• _Stored data_
++++++++++
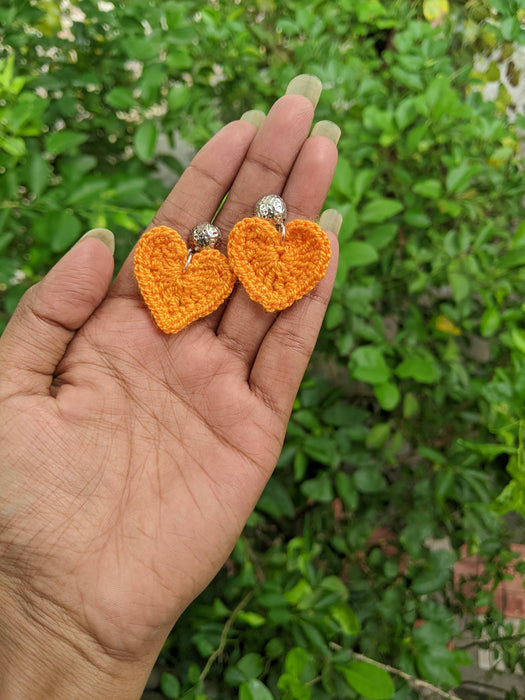 Orange Heart Crochet Studs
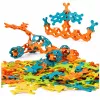 LEAN TOYS Kūrybiniai konstravimo blokeliai, tarpusavyje sujungiami, lankstūs, spalvoti, 138 vnt.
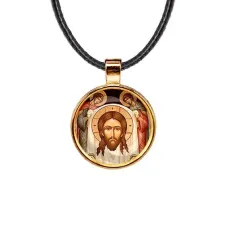 Кулон, цвет золото, со шнурком, Спас нерукотворный C1111033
++++++++++
• _Work required_
Transcribe all of the listing precisely. The images stay out of it.

• _Task response_
 Orange Heart Crochet Studs
 LEAN TOYS Kūrybiniai konstravimo blokeliai, tarpusavyje sujungiami, lankstūs, spalvoti, 138 vnt.
 Кулон, цвет золото, со шнурком, Спас нерукотворный C1111033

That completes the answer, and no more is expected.